Saved entries:
━━━━━━━━━━
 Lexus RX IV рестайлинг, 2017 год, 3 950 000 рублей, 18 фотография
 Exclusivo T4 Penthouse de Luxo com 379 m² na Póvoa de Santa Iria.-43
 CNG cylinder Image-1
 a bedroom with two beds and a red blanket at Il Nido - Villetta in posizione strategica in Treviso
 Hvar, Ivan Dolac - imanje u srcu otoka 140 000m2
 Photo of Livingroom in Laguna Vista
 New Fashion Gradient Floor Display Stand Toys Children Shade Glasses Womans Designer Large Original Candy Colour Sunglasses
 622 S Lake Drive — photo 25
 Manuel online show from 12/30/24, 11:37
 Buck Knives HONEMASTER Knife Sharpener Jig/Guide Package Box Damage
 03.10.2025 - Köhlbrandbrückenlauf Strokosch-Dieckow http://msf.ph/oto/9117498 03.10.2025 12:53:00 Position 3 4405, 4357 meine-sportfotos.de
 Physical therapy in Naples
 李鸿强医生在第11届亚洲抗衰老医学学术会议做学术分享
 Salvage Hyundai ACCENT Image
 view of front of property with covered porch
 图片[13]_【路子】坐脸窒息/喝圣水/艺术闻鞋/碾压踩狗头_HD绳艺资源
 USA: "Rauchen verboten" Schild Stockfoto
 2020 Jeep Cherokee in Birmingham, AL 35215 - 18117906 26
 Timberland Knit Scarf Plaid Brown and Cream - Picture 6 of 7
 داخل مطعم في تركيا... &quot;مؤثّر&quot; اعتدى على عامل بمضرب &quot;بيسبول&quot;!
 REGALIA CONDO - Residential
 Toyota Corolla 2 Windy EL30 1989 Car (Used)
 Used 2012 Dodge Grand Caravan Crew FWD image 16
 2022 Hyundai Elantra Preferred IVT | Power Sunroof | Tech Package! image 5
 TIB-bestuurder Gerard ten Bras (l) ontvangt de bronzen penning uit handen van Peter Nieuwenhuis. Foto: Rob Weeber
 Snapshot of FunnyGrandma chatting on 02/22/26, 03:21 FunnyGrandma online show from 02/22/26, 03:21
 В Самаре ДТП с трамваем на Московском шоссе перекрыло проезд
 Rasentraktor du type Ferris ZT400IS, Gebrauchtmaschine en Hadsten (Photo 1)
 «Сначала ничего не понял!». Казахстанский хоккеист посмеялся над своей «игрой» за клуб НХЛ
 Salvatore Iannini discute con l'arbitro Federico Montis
━━━━━━━━━━
Work item:
In the records above, find the line with "view of front of property with covered porch"; write out exactly that line and each one after it, stopping after the line with "Timberland Knit Scarf".

Solution to the exercise:
 view of front of property with covered porch
 图片[13]_【路子】坐脸窒息/喝圣水/艺术闻鞋/碾压踩狗头_HD绳艺资源
 USA: "Rauchen verboten" Schild Stockfoto
 2020 Jeep Cherokee in Birmingham, AL 35215 - 18117906 26
 Timberland Knit Scarf Plaid Brown and Cream - Picture 6 of 7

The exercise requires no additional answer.